**Data provided**.
┄┄┄┄┄┄┄┄┄┄

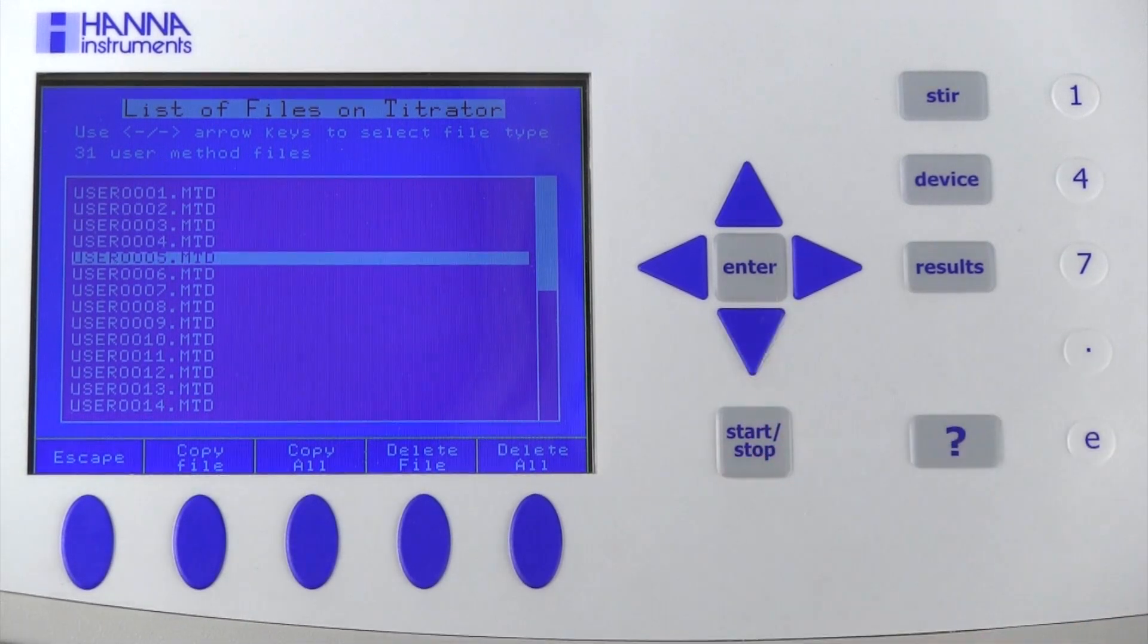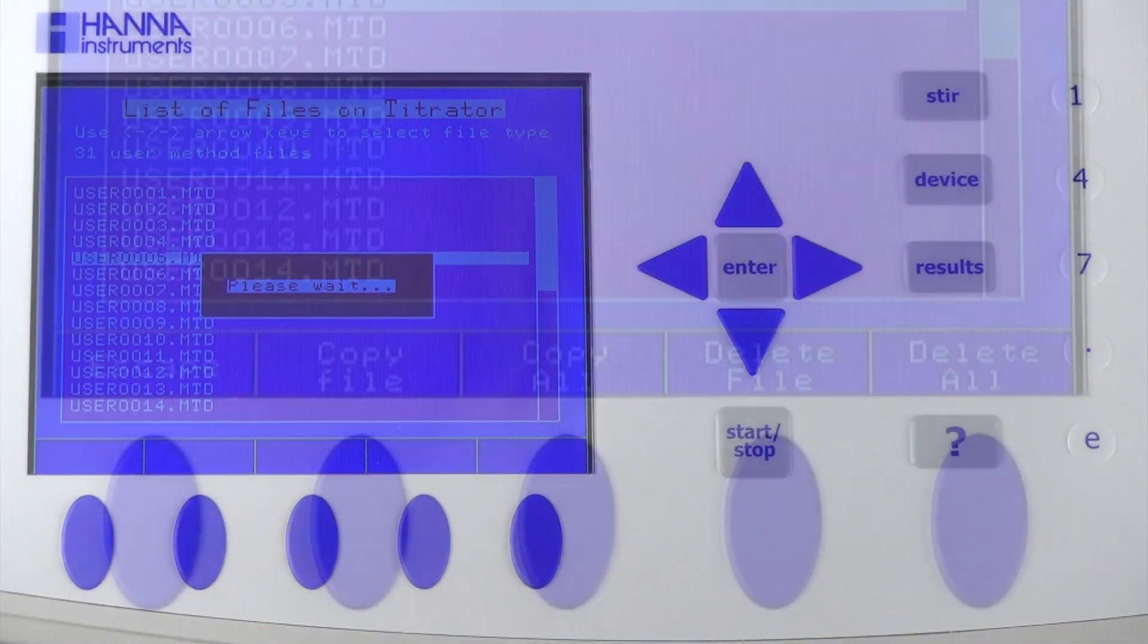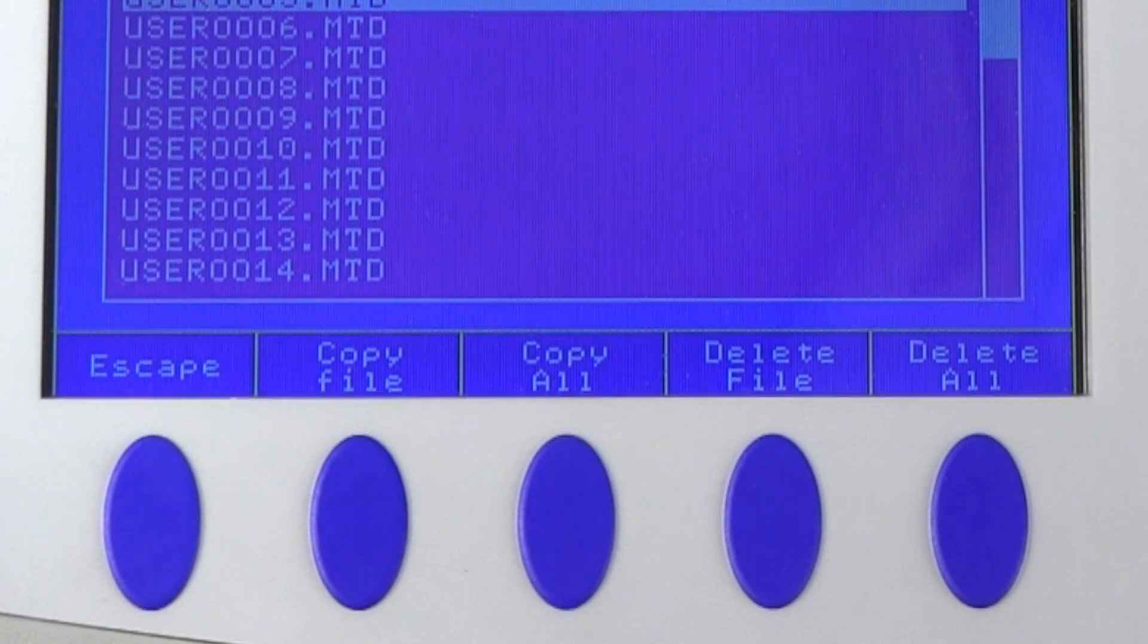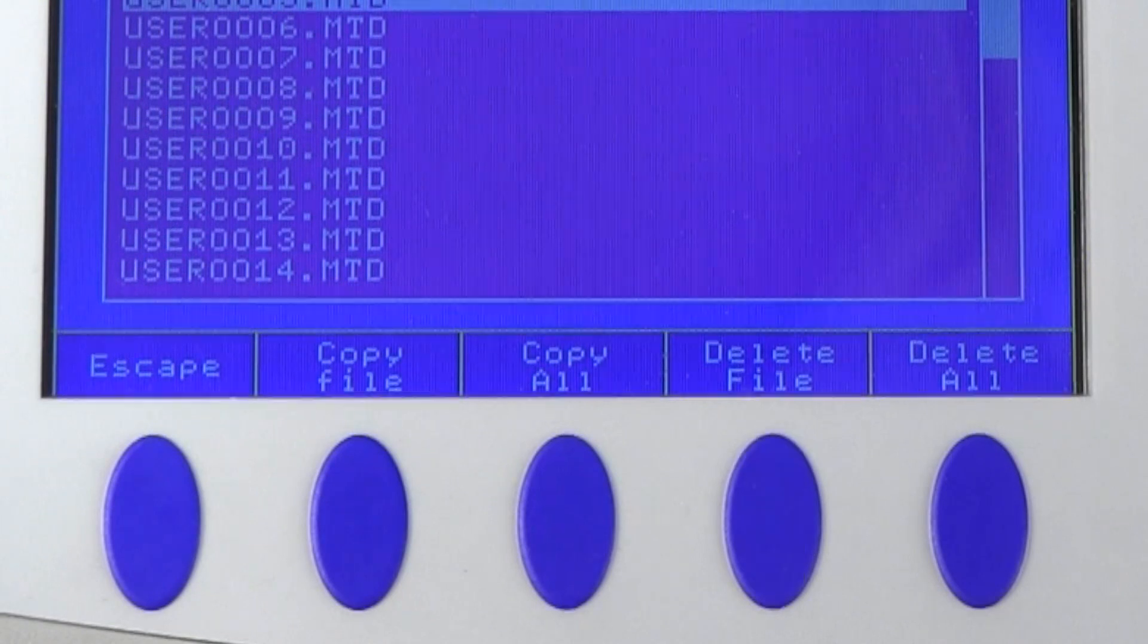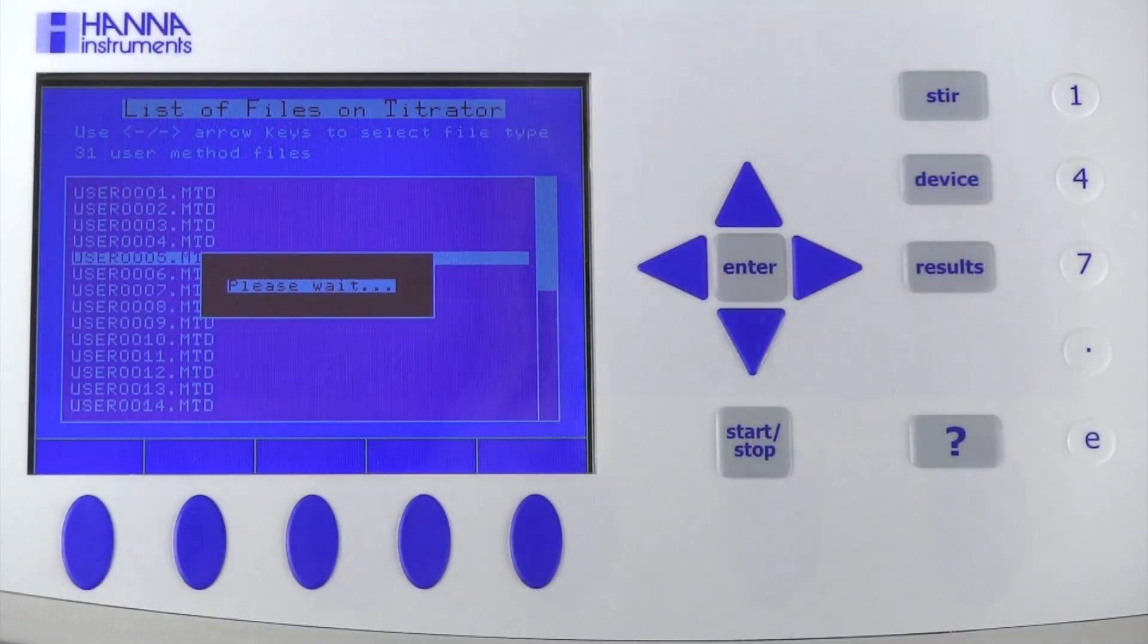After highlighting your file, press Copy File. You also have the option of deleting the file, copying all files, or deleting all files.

┄┄┄┄┄┄┄┄┄┄

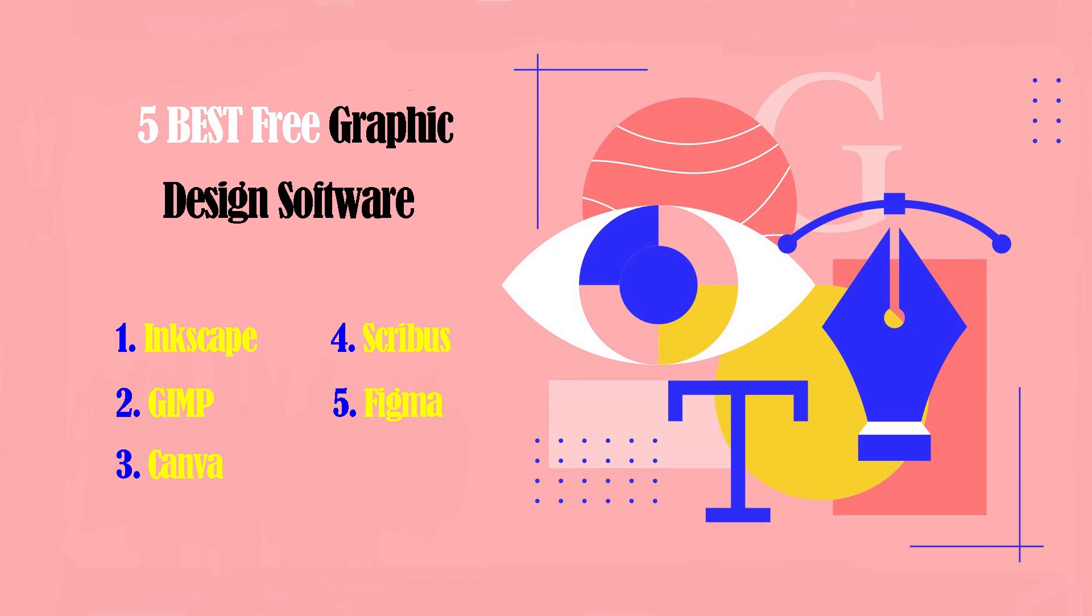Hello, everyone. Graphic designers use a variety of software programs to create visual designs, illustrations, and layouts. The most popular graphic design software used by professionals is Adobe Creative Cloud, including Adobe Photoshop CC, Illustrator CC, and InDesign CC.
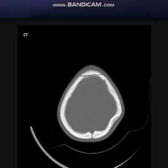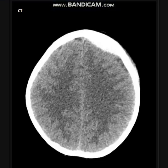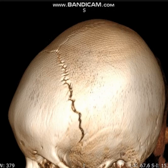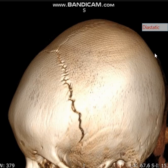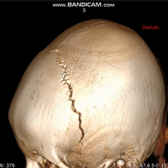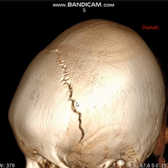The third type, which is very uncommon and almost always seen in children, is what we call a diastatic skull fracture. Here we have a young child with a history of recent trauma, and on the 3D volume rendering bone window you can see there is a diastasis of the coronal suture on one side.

┄┄┄┄┄┄┄┄┄┄

**What the task asks**.
Exact copy, pictures excluded: from the line with "Hello, everyone. Graphic" up to and including the line with "The third type, which" in the data above.

**Response to this exercise**.
Hello, everyone. Graphic designers use a variety of software programs to create visual designs, illustrations, and layouts. The most popular graphic design software used by professionals is Adobe Creative Cloud, including Adobe Photoshop CC, Illustrator CC, and InDesign CC.
The third type, which is very uncommon and almost always seen in children, is what we call a diastatic skull fracture. Here we have a young child with a history of recent trauma, and on the 3D volume rendering bone window you can see there is a diastasis of the coronal suture on one side.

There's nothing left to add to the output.